====== Information supplied ======

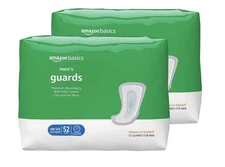 Incontinence Guards 104 Count Men’s Amazon Basics Protective One Size Fits Most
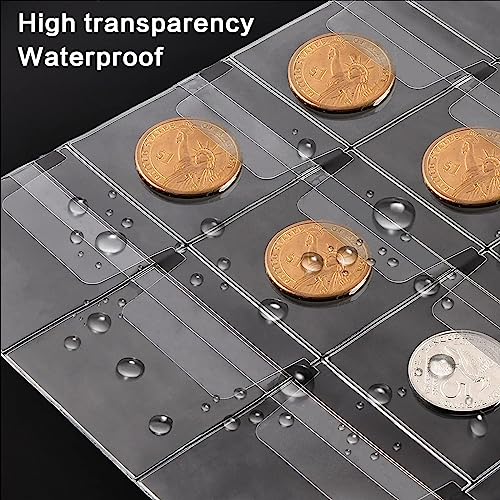 Briartw hojas para colección de monedas 10 unidades miniatura 4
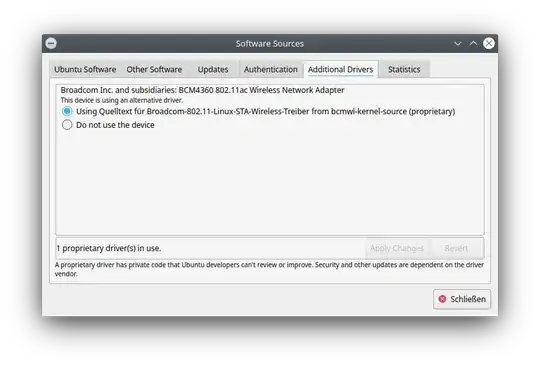Software Sources (Kubuntu)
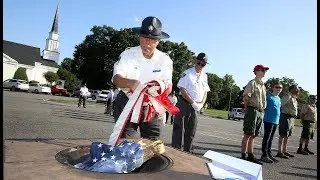 Flag Disposal Ceremony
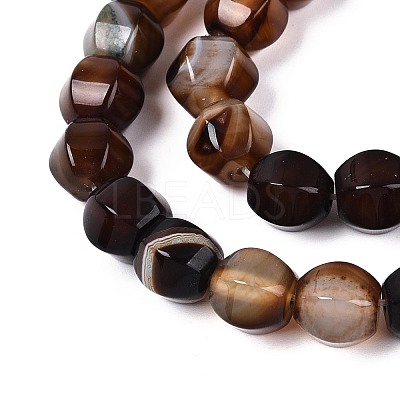 Dyed Natural Agate Beads Strands G-T144-50A-02-1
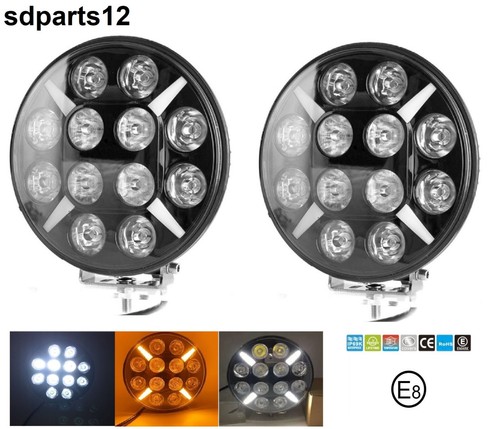 12v 24v led - 60w, phare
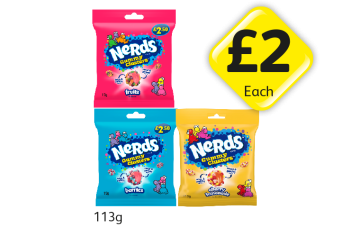 Nerds Gummy Clusters Fruits, Berries, Cherry Lemonade - Now Only £2 at Londis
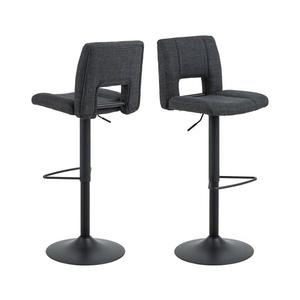 Barová stolička SERENA 1 ks tmavošedá 0000105394 vyobraziť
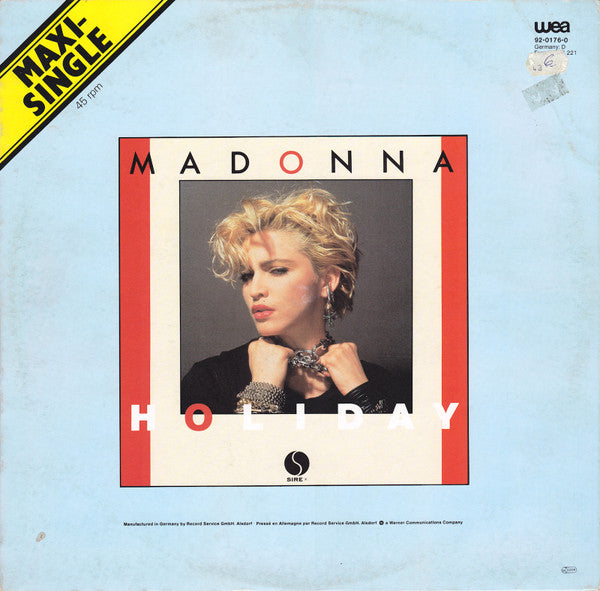 Madonna : Holiday (12", Maxi)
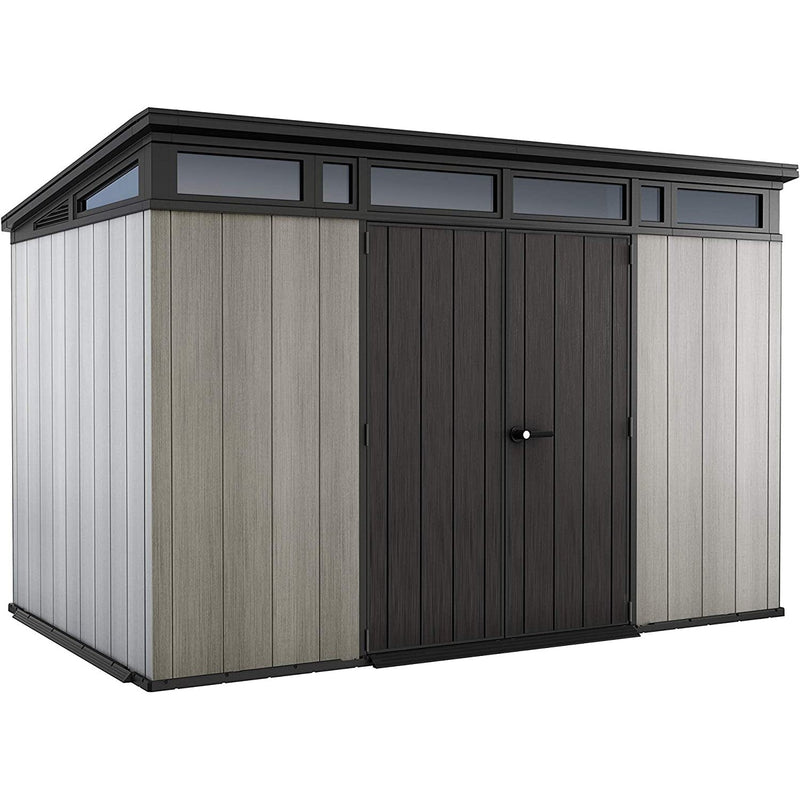 Keter 11x 7 Artisan Heavy Duty Plastic Pent Shed – Grey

======

What you are asked to do: Apart from its pictures, the data is to be repeated exactly.

Response:
 Incontinence Guards 104 Count Men’s Amazon Basics Protective One Size Fits Most
 Briartw hojas para colección de monedas 10 unidades miniatura 4
Software Sources (Kubuntu)
 Flag Disposal Ceremony
 Dyed Natural Agate Beads Strands G-T144-50A-02-1
 12v 24v led - 60w, phare
 Nerds Gummy Clusters Fruits, Berries, Cherry Lemonade - Now Only £2 at Londis
 Barová stolička SERENA 1 ks tmavošedá 0000105394 vyobraziť
 Madonna : Holiday (12", Maxi)
 Keter 11x 7 Artisan Heavy Duty Plastic Pent Shed – Grey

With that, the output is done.